-- Exercise goal --
Write out again the lines from the line with "Hello, and welcome" up to and including the line with "It will bring", exactly as they stand below, and skip any picture.

-- Supplied data --

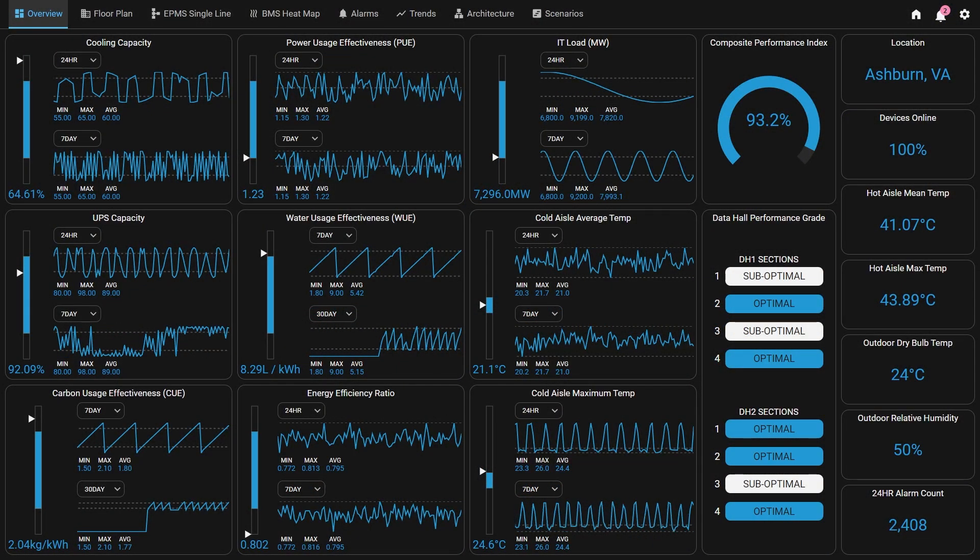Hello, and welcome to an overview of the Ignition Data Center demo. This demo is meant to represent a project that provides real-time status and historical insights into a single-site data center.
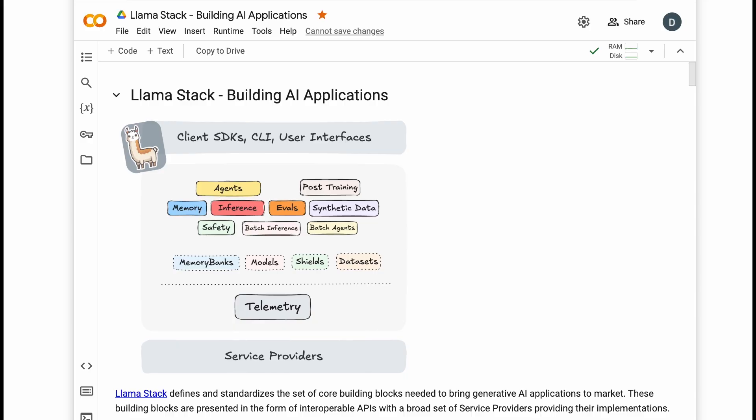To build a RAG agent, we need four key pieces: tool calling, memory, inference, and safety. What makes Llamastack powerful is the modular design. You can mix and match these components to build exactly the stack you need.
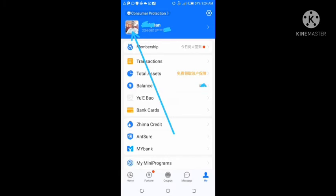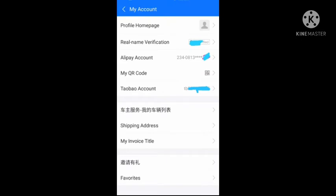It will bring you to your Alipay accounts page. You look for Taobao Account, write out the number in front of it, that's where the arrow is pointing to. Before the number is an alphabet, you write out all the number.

* * *

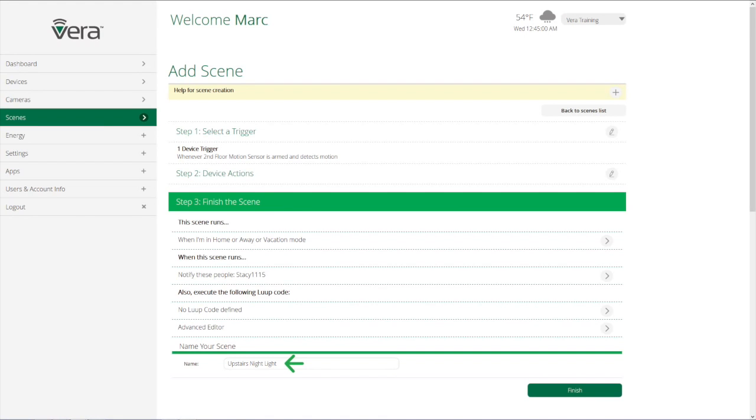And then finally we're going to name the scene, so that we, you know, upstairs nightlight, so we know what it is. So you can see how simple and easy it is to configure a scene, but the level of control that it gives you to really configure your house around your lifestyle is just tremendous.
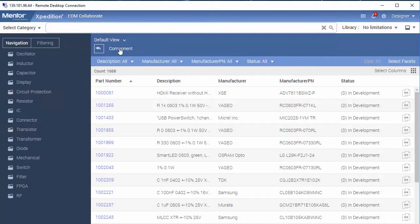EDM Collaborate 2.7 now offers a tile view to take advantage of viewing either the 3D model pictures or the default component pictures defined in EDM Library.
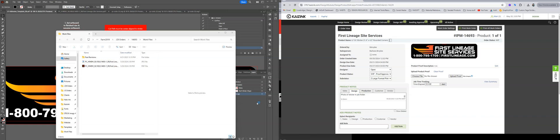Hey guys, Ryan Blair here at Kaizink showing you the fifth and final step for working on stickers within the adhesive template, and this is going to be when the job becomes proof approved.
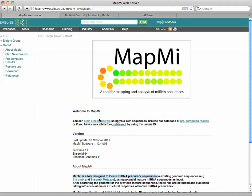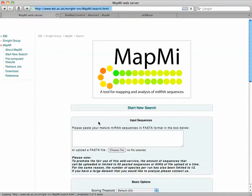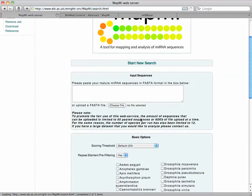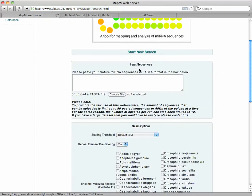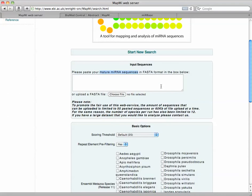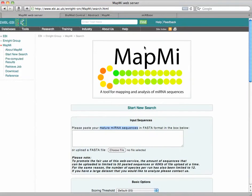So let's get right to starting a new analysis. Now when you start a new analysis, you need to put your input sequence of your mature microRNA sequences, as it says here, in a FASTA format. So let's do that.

--

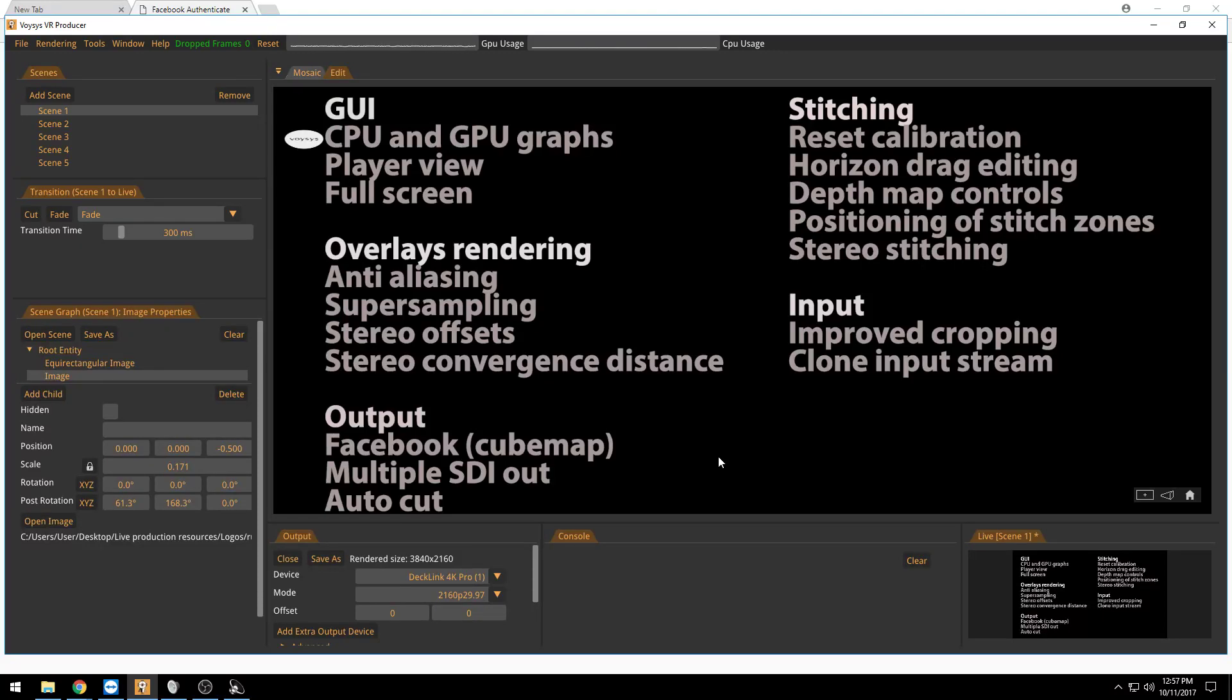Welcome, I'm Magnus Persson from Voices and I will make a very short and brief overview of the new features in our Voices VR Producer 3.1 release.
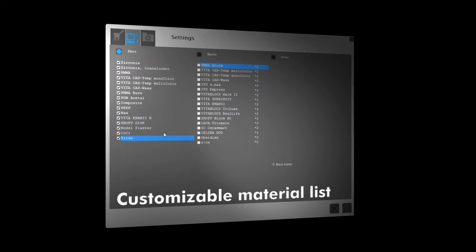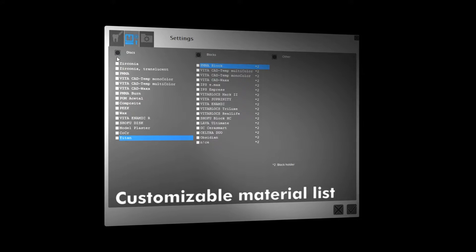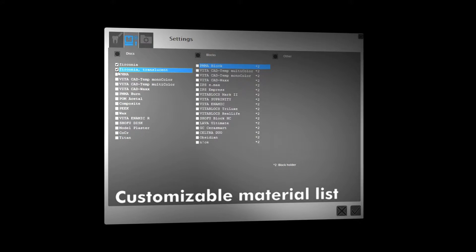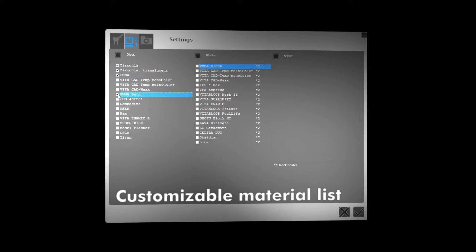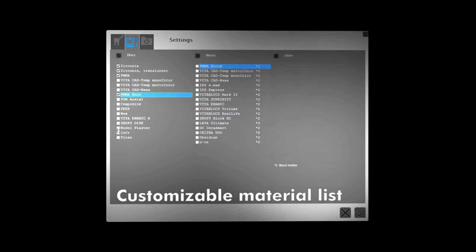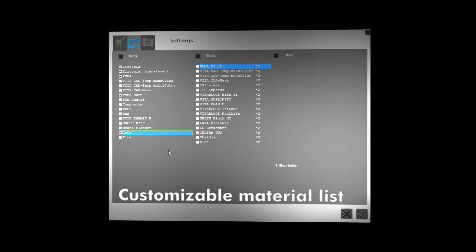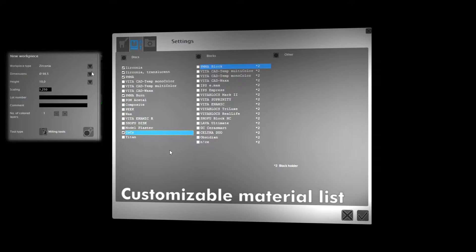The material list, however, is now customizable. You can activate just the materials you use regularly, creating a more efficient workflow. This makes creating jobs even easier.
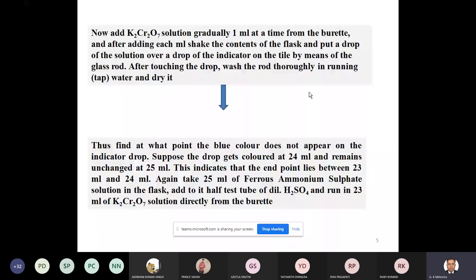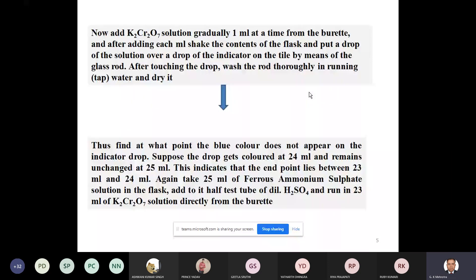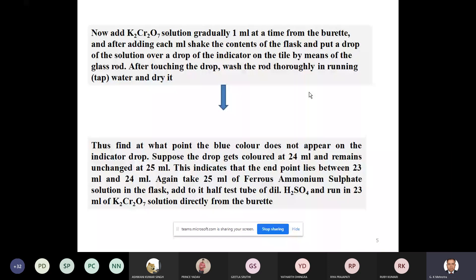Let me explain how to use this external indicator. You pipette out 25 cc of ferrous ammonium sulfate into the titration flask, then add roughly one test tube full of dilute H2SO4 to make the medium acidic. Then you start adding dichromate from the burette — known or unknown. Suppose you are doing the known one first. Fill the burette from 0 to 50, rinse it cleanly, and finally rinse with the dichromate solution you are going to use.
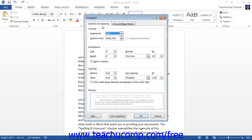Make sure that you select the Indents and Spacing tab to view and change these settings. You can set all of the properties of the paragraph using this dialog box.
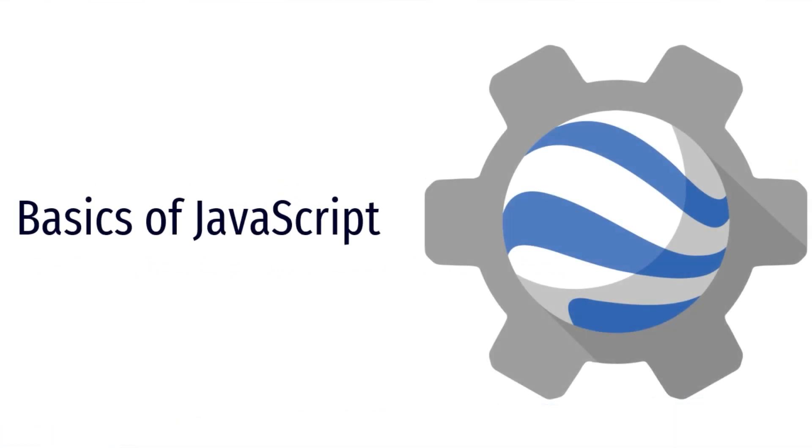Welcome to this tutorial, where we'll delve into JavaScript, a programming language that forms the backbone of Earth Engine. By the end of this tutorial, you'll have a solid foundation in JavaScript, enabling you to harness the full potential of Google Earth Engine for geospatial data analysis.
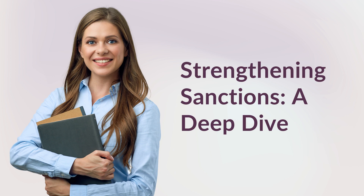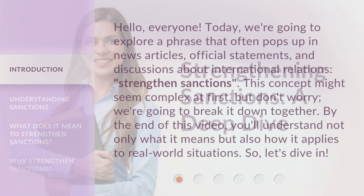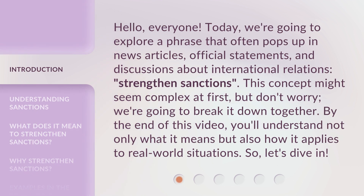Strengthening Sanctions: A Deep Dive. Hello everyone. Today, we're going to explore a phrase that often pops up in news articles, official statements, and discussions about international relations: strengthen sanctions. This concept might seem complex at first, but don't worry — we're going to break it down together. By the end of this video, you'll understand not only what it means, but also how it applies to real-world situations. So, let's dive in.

-- Result of the task --
Hello, and welcome to an overview of the Ignition Data Center demo. This demo is meant to represent a project that provides real-time status and historical insights into a single-site data center.
To build a RAG agent, we need four key pieces: tool calling, memory, inference, and safety. What makes Llamastack powerful is the modular design. You can mix and match these components to build exactly the stack you need.
It will bring you to your Alipay accounts page. You look for Taobao Account, write out the number in front of it, that's where the arrow is pointing to. Before the number is an alphabet, you write out all the number.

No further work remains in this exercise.